Captioned web image data:
++++++++

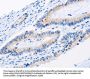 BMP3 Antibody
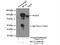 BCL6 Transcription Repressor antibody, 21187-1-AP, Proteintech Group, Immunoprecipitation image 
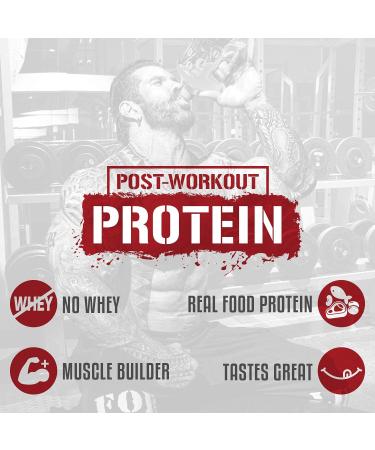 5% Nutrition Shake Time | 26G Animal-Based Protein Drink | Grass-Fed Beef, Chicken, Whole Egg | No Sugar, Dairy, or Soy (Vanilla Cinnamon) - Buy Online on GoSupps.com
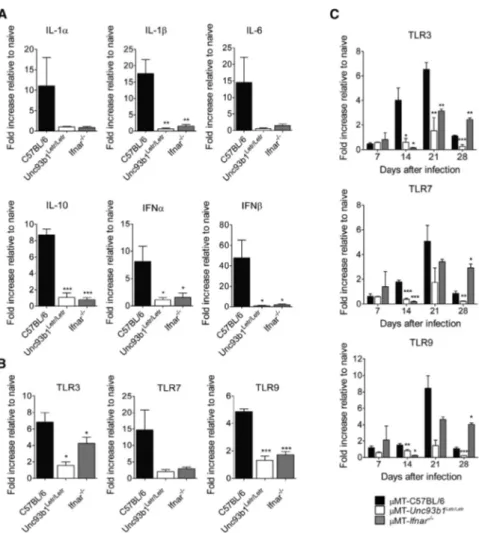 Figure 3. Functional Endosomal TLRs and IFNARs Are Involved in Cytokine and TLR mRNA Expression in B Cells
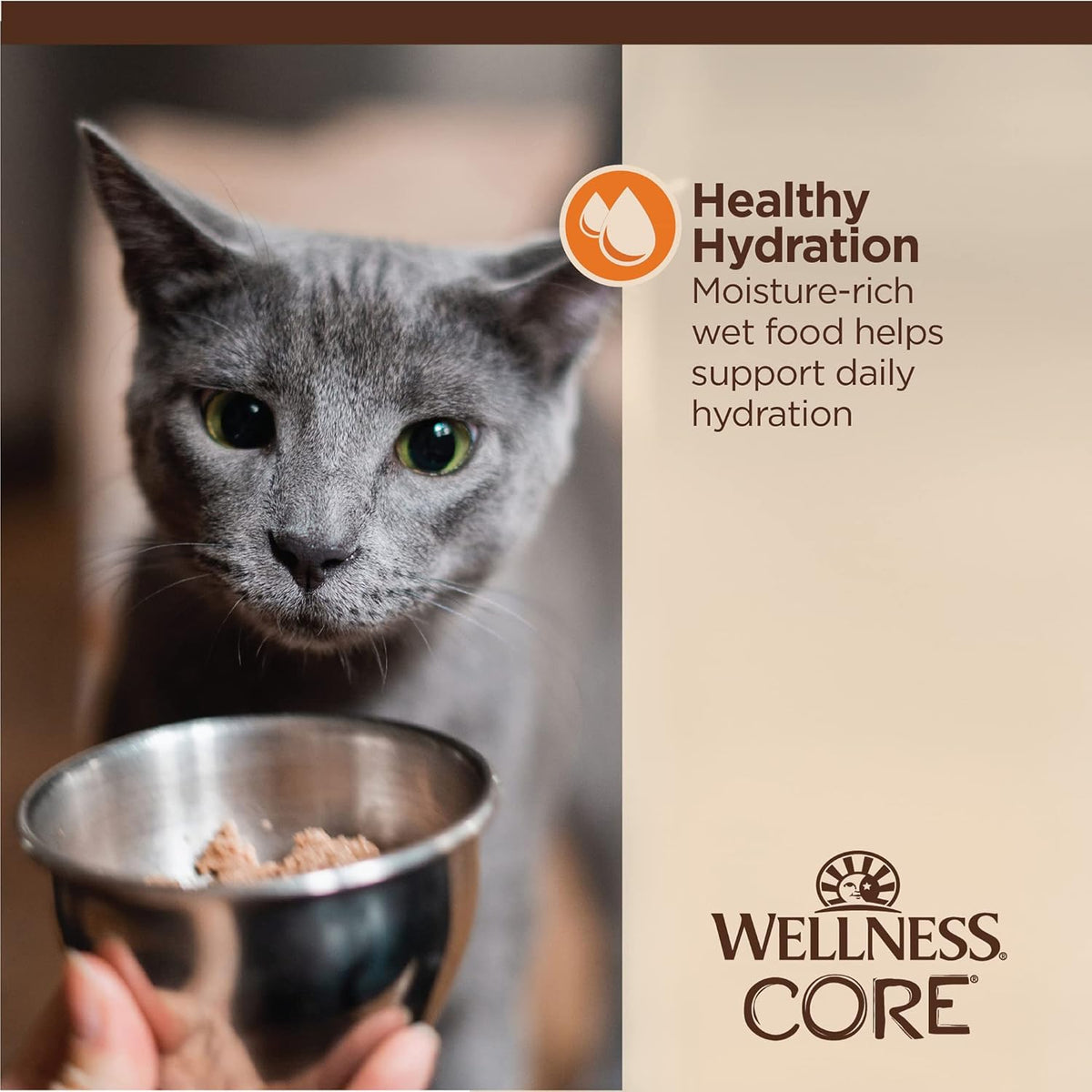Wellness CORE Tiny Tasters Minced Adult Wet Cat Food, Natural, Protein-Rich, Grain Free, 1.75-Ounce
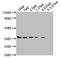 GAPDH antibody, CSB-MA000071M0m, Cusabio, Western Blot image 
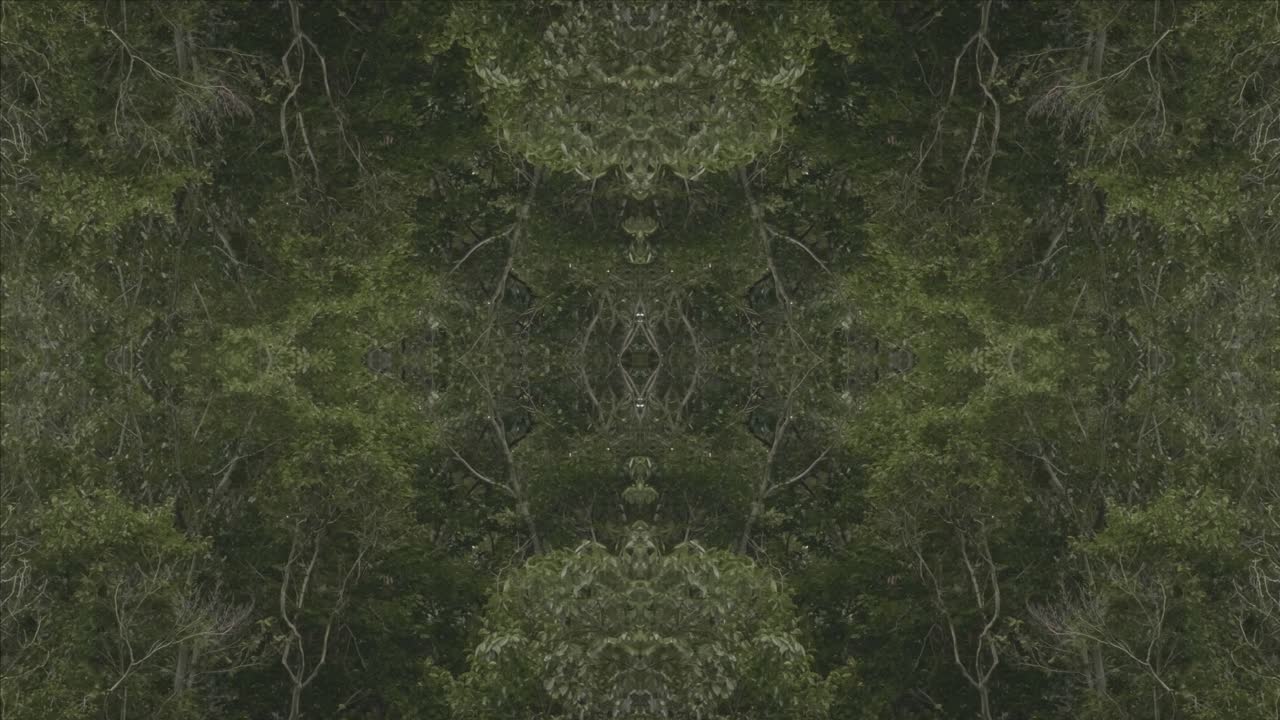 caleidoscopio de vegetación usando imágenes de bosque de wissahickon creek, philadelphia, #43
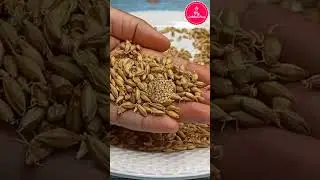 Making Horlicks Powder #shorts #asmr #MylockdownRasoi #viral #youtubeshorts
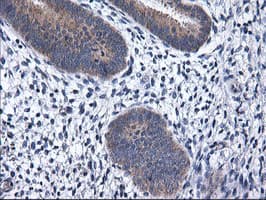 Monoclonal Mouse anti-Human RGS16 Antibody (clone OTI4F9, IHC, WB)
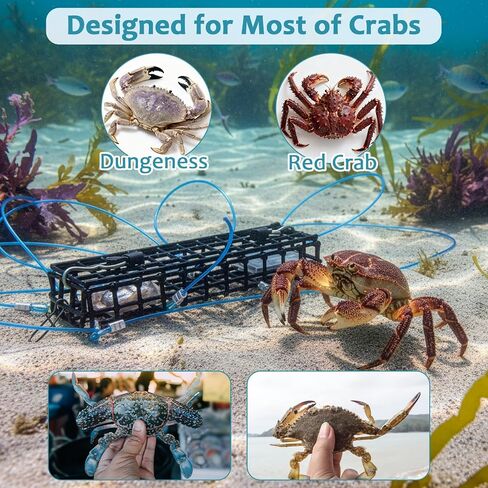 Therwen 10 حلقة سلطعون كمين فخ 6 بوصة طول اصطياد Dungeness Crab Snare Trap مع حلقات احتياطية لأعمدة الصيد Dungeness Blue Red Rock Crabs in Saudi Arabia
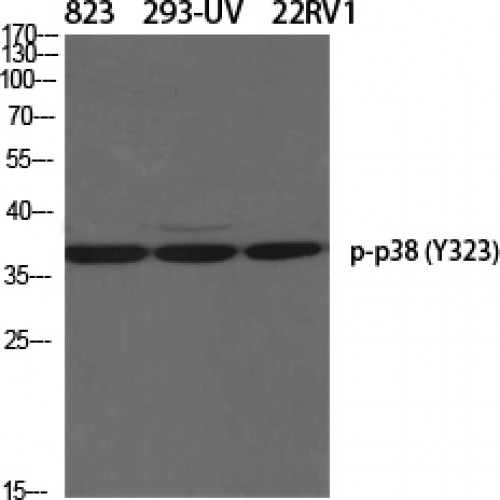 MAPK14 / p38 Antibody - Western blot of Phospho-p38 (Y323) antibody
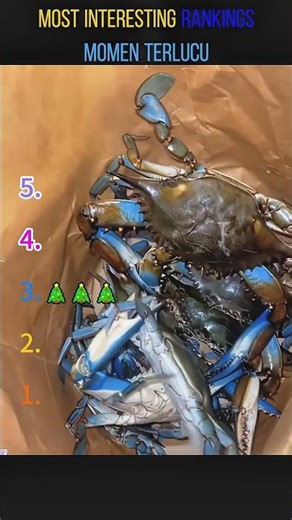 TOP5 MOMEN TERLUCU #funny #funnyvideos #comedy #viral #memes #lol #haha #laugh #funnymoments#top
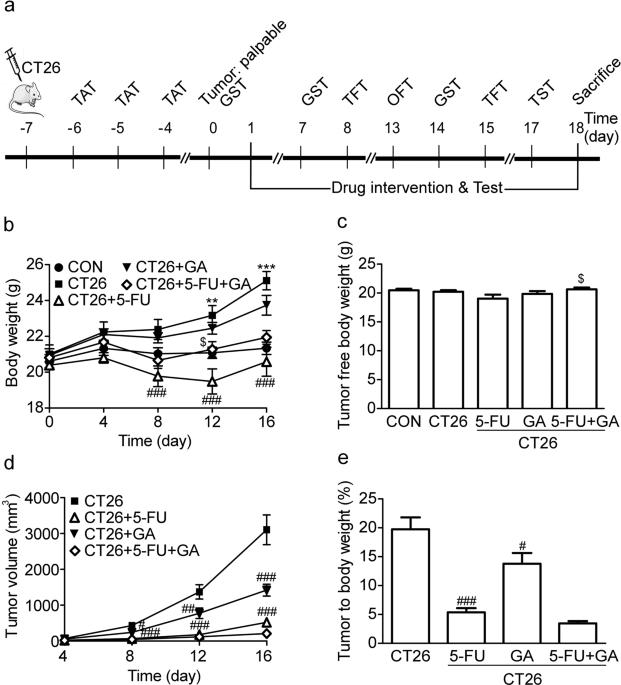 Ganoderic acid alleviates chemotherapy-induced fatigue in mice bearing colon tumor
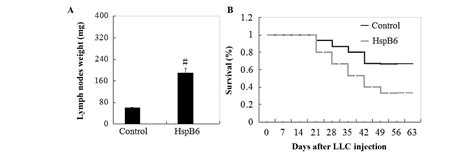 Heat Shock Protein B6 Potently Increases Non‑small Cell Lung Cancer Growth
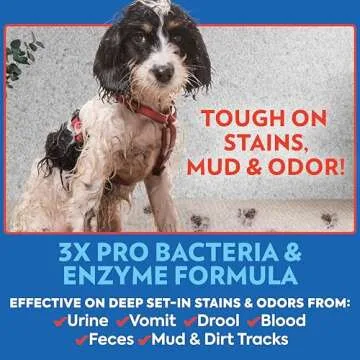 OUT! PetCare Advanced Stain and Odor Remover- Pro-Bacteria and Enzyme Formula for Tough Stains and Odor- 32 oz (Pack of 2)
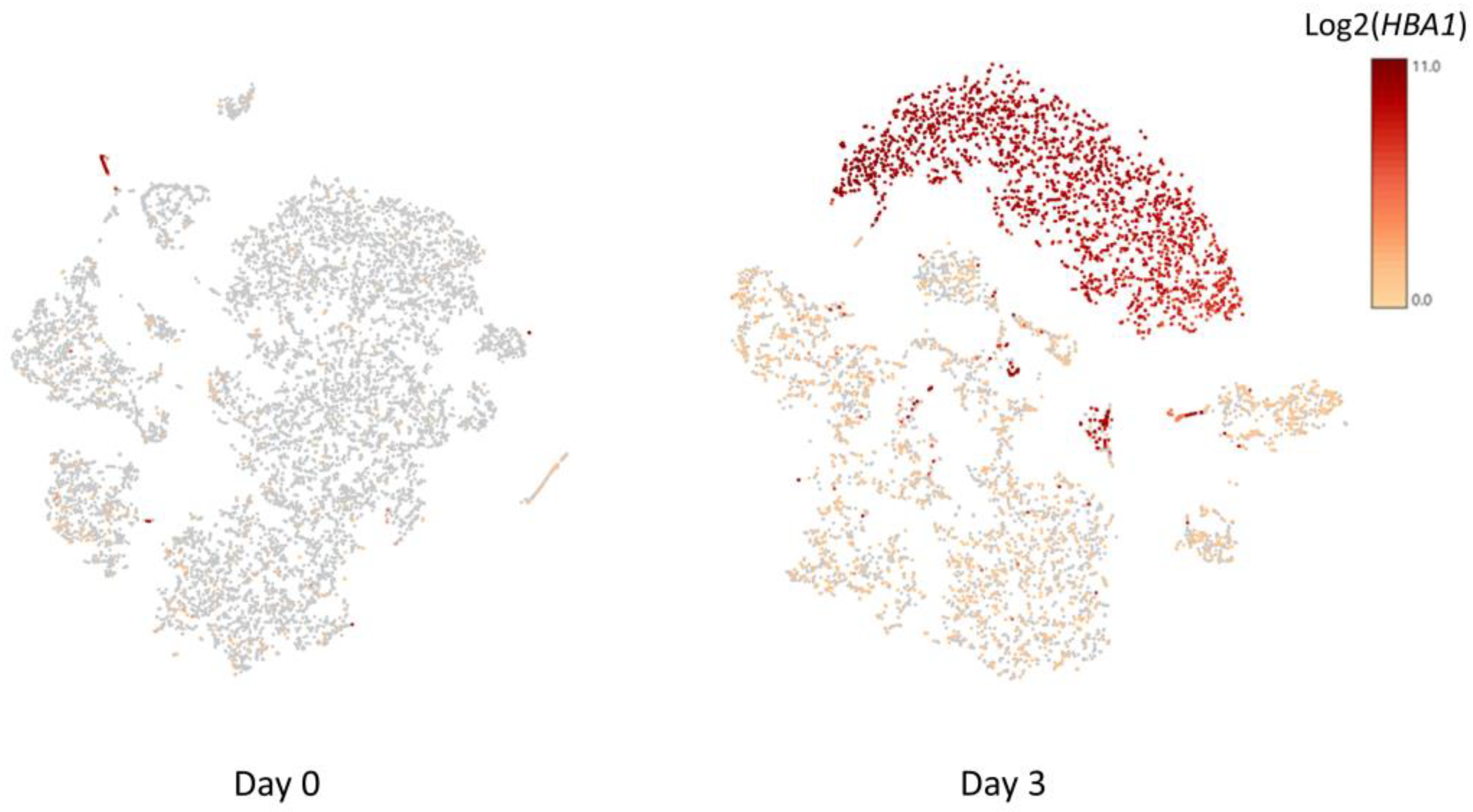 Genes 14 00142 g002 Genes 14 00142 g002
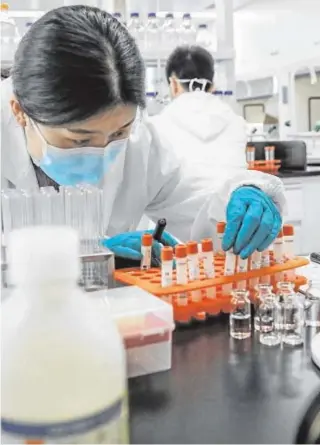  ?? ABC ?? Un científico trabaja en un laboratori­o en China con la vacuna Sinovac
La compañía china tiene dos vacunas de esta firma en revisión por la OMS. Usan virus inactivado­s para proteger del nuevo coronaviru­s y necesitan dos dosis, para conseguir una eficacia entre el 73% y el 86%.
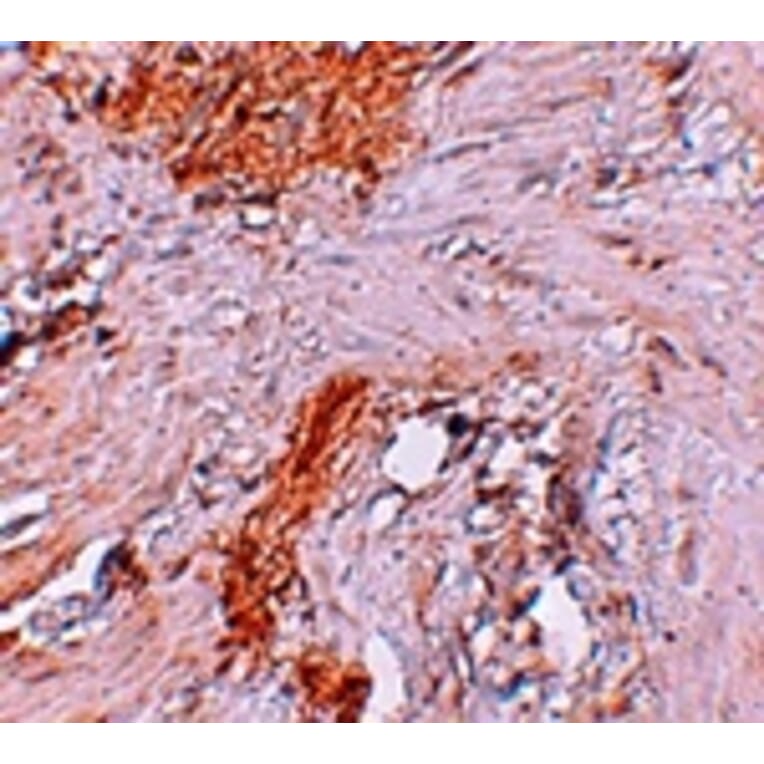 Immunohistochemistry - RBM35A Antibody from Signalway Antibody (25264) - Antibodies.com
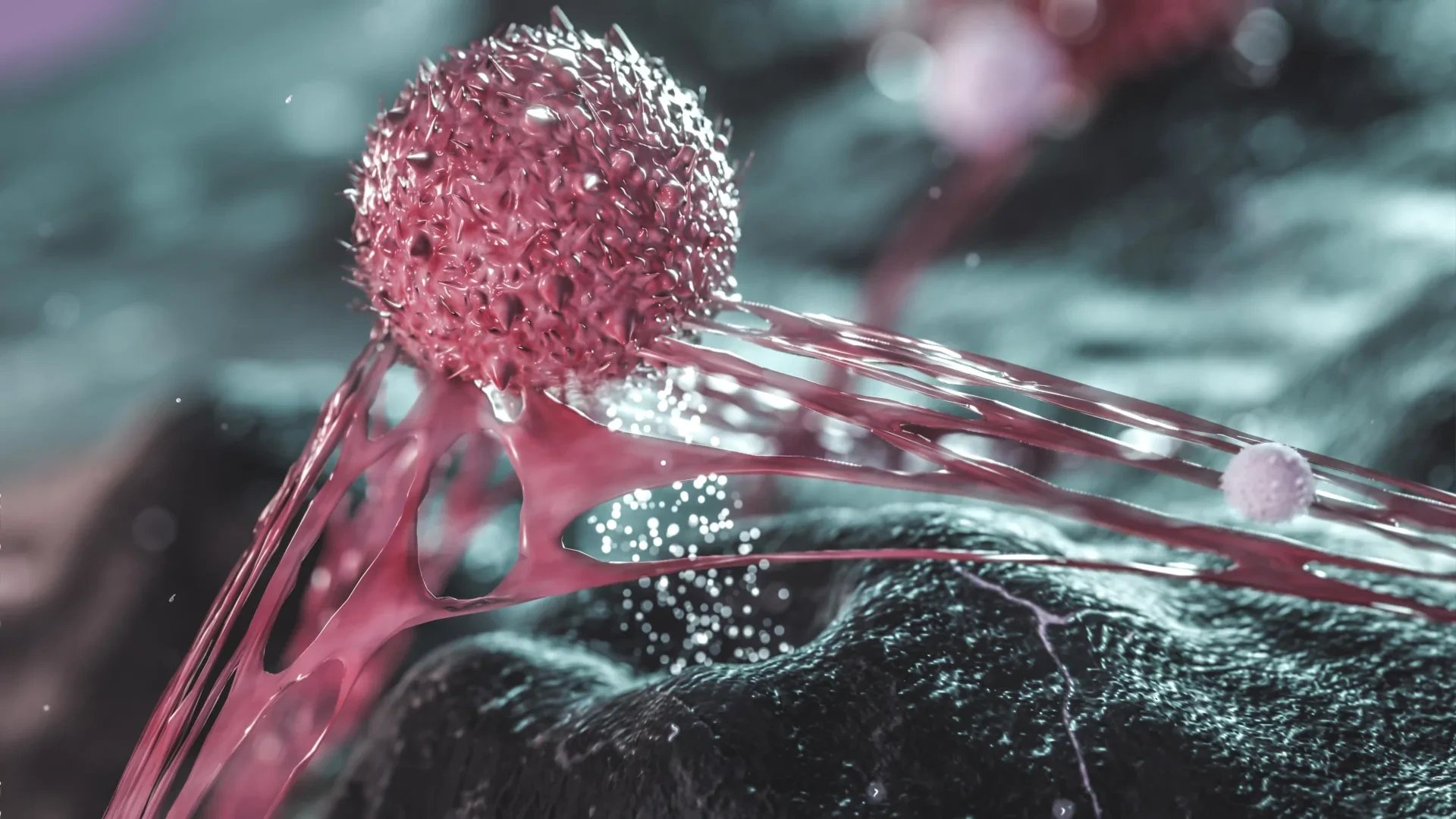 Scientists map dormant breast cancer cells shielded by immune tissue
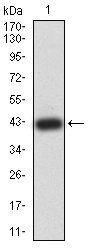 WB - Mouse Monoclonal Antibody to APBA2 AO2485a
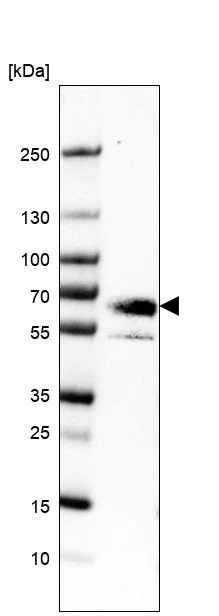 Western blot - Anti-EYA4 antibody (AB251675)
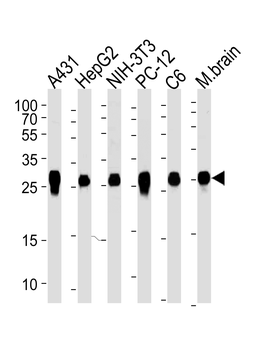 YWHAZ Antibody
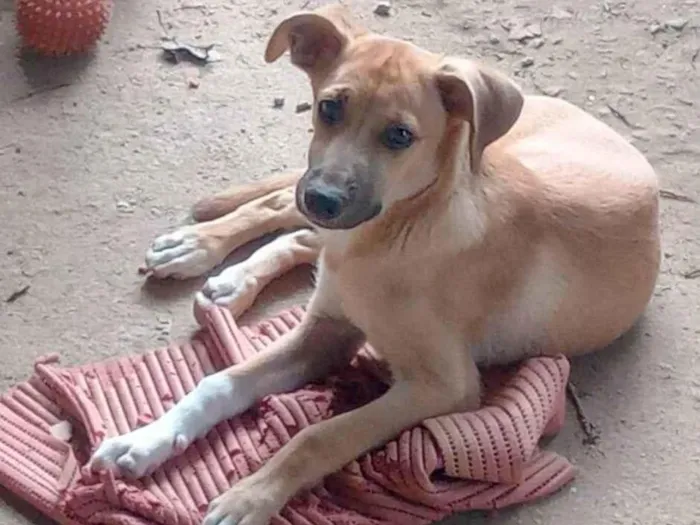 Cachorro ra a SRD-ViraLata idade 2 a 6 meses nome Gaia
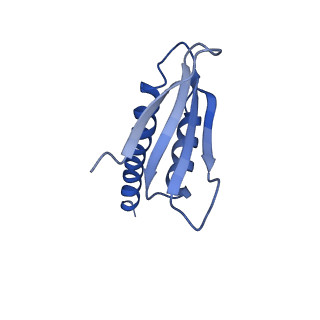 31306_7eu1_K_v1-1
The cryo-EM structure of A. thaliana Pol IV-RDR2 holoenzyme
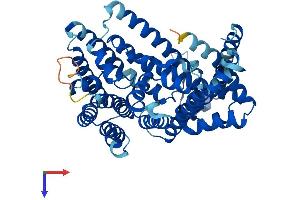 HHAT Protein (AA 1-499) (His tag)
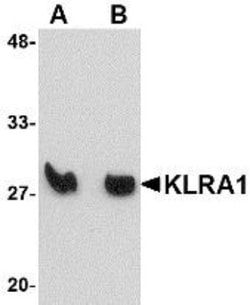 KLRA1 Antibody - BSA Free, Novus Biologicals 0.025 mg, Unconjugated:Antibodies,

++++++++

** EXERCISE AIM **
For this answer, return word for word the lines from the first line of the records through the line containing "GAPDH antibody, CSB-MA000071M0m, Cusabio, Western". Omit the pictures.

** REPLY TO THE EXERCISE **
 BMP3 Antibody
 BCL6 Transcription Repressor antibody, 21187-1-AP, Proteintech Group, Immunoprecipitation image 
 5% Nutrition Shake Time | 26G Animal-Based Protein Drink | Grass-Fed Beef, Chicken, Whole Egg | No Sugar, Dairy, or Soy (Vanilla Cinnamon) - Buy Online on GoSupps.com
 Figure 3. Functional Endosomal TLRs and IFNARs Are Involved in Cytokine and TLR mRNA Expression in B Cells
Wellness CORE Tiny Tasters Minced Adult Wet Cat Food, Natural, Protein-Rich, Grain Free, 1.75-Ounce
 GAPDH antibody, CSB-MA000071M0m, Cusabio, Western Blot image 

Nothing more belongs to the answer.